**Stored data:**
____
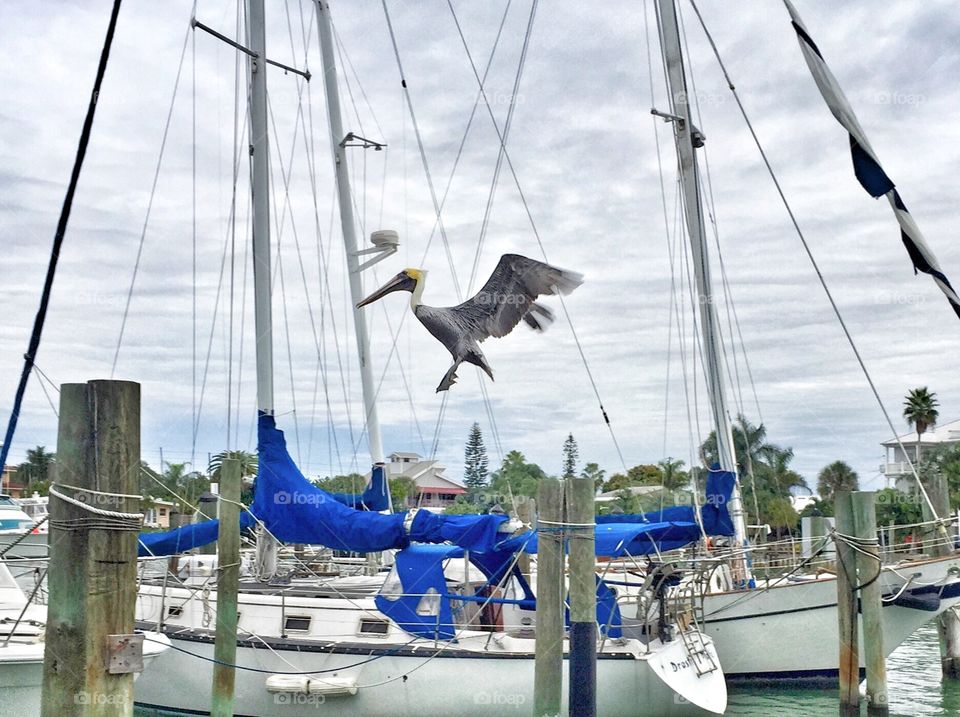 Pelican is flying above boats in Florida 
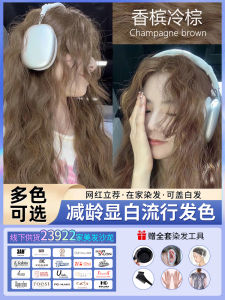 Champagne Cold Brown Hair Dye at Home Hair Dye Cream Filbert Gray Brown Black Brown Natural Plant Pure Women Bubble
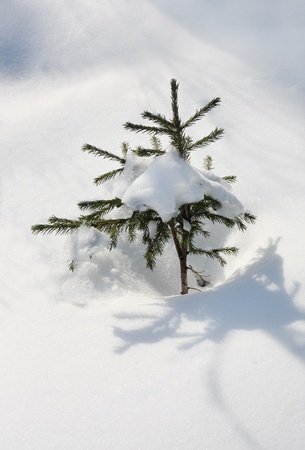 Small evergreen spruce tree with fresh white snow in deep snowdriftの写真素材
____
**About this task:** Exactly as written above, print every line of the data but not its pictures.

**Reply:**
 Pelican is flying above boats in Florida 
 Champagne Cold Brown Hair Dye at Home Hair Dye Cream Filbert Gray Brown Black Brown Natural Plant Pure Women Bubble
 Small evergreen spruce tree with fresh white snow in deep snowdriftの写真素材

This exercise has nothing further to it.